### [BRIEF]
Could you transcribe every record below exactly, leaving out any pictures?

### [LISTED RECORDS]

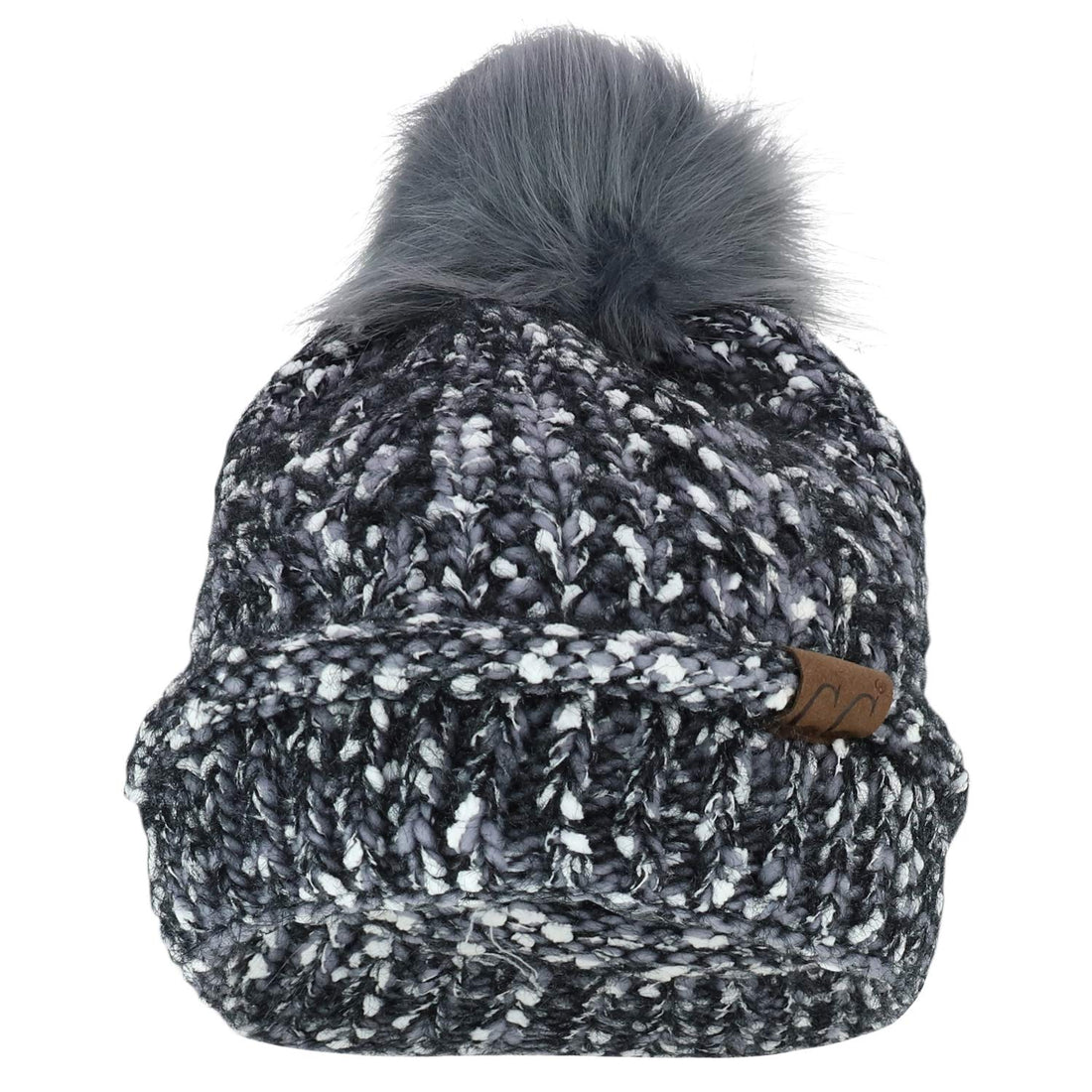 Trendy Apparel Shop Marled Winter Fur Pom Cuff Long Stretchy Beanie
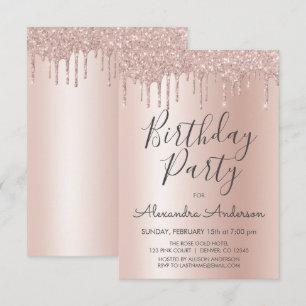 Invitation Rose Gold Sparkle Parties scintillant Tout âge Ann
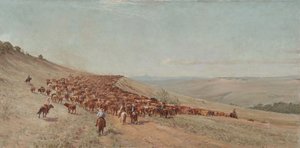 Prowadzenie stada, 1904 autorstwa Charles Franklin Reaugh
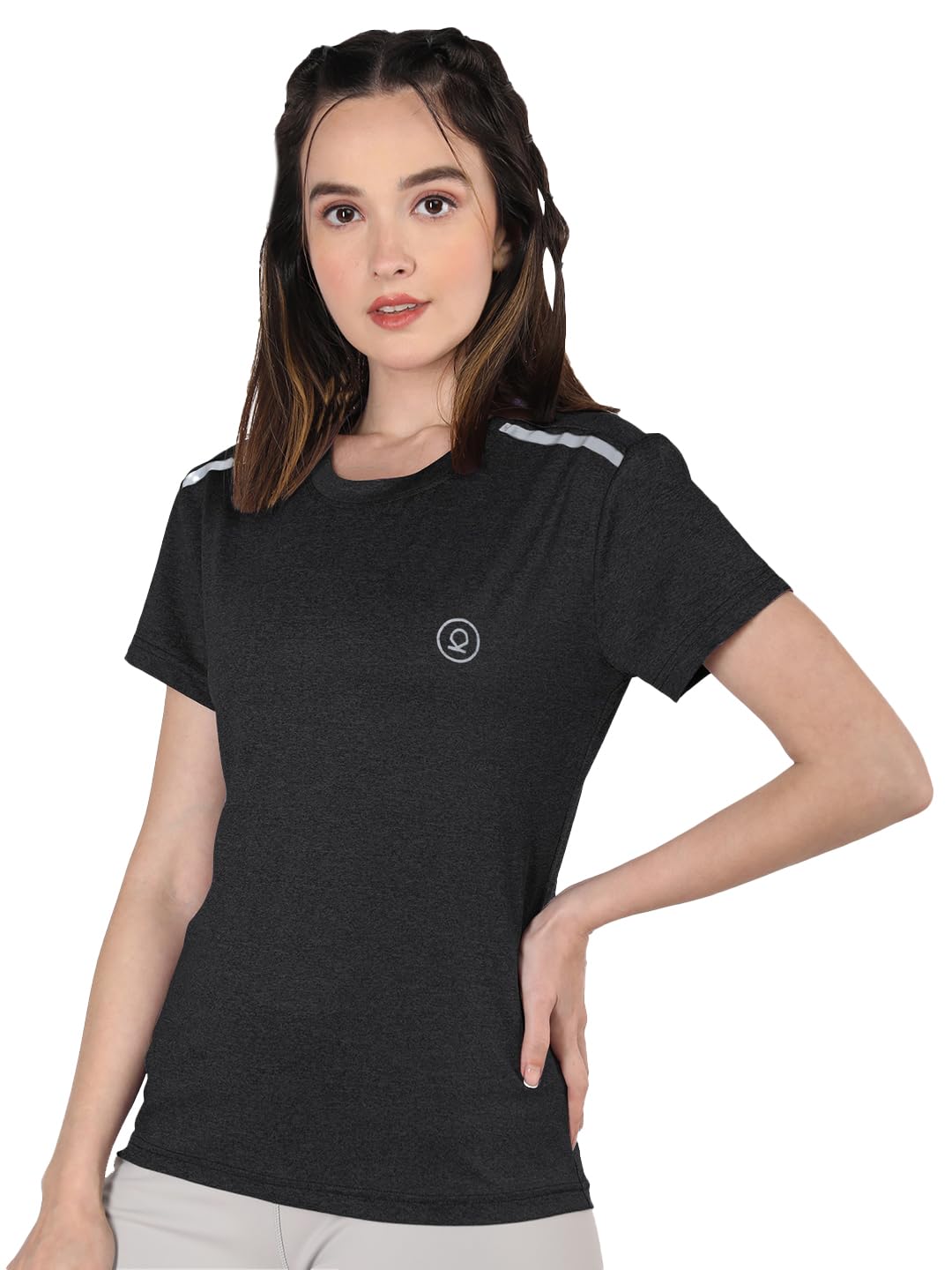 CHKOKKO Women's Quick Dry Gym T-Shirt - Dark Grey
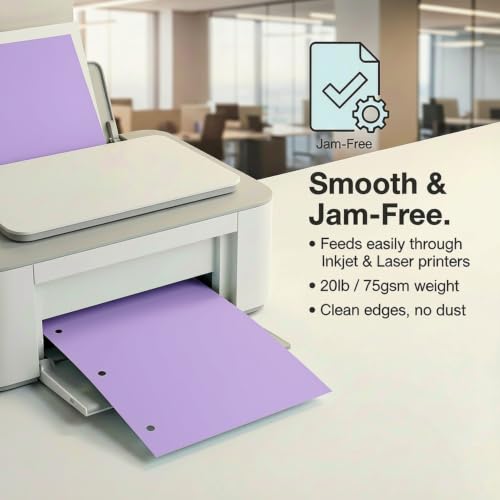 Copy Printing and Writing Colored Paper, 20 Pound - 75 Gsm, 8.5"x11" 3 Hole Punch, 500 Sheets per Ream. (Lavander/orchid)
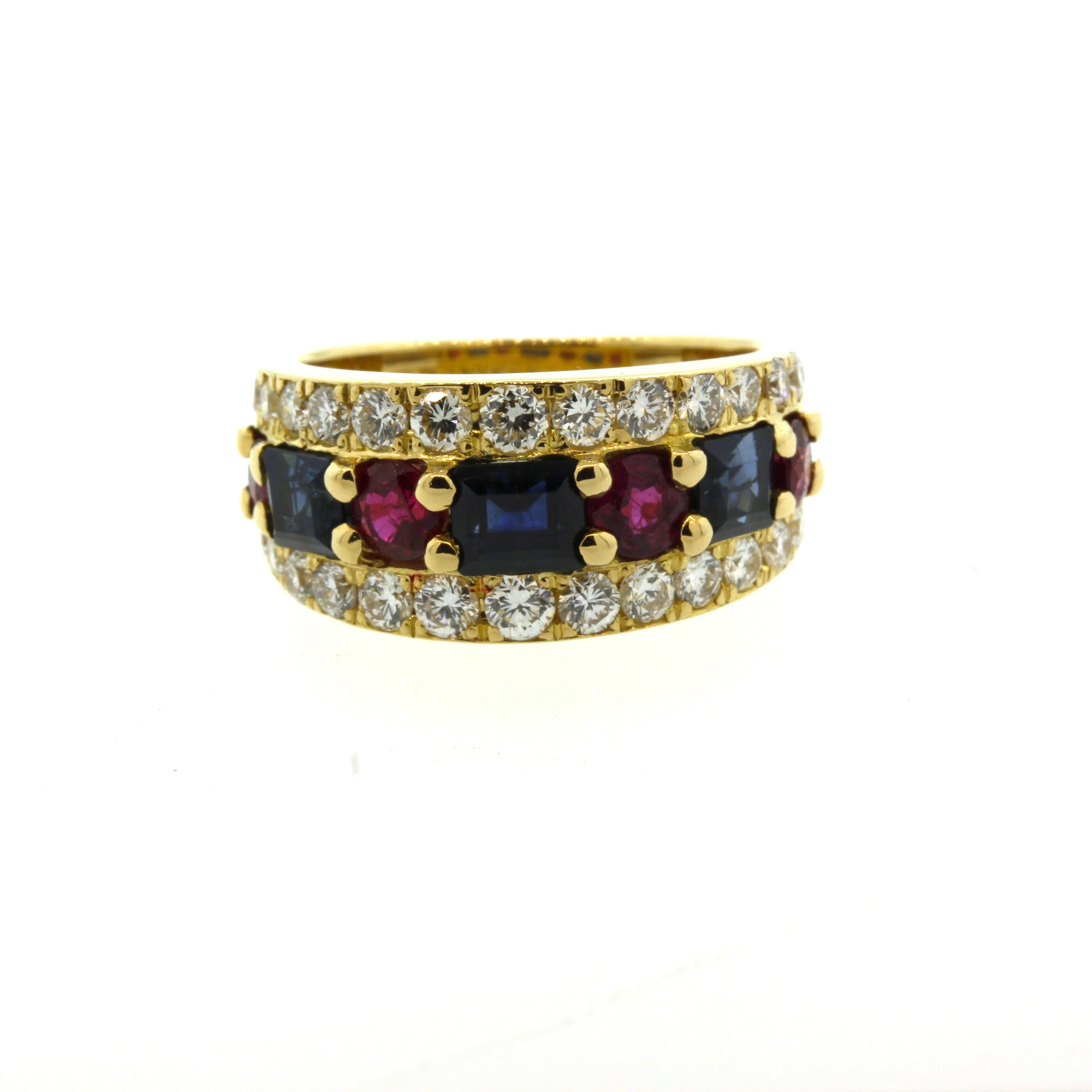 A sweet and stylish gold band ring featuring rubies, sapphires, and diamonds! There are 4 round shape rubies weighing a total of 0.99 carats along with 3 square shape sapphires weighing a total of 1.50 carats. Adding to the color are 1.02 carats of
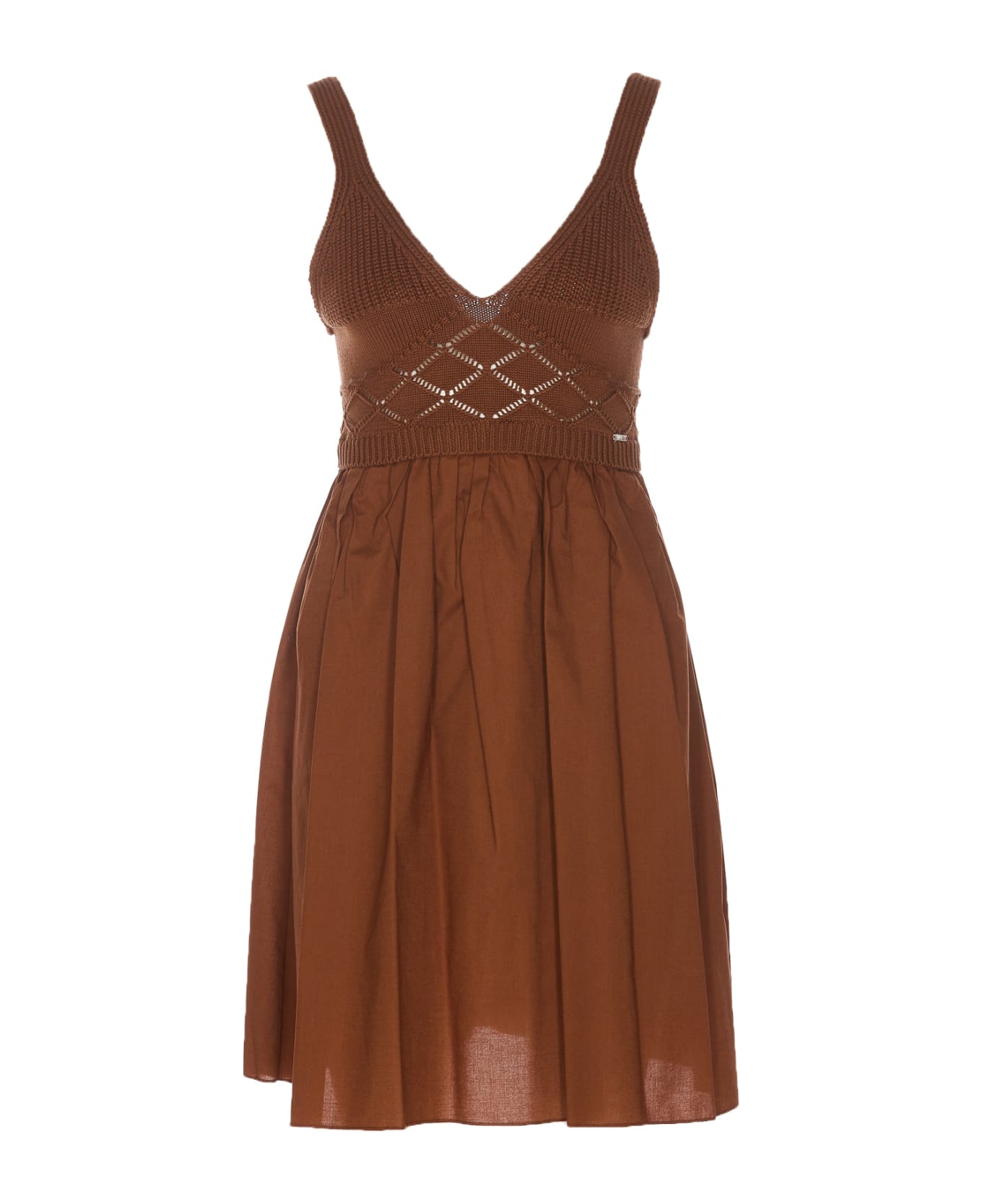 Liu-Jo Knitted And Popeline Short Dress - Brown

### [ANSWER FOR THIS EXERCISE]
 Trendy Apparel Shop Marled Winter Fur Pom Cuff Long Stretchy Beanie
 Invitation Rose Gold Sparkle Parties scintillant Tout âge Ann
 Prowadzenie stada, 1904 autorstwa Charles Franklin Reaugh
 CHKOKKO Women's Quick Dry Gym T-Shirt - Dark Grey
 Copy Printing and Writing Colored Paper, 20 Pound - 75 Gsm, 8.5"x11" 3 Hole Punch, 500 Sheets per Ream. (Lavander/orchid)
 A sweet and stylish gold band ring featuring rubies, sapphires, and diamonds! There are 4 round shape rubies weighing a total of 0.99 carats along with 3 square shape sapphires weighing a total of 1.50 carats. Adding to the color are 1.02 carats of
 Liu-Jo Knitted And Popeline Short Dress - Brown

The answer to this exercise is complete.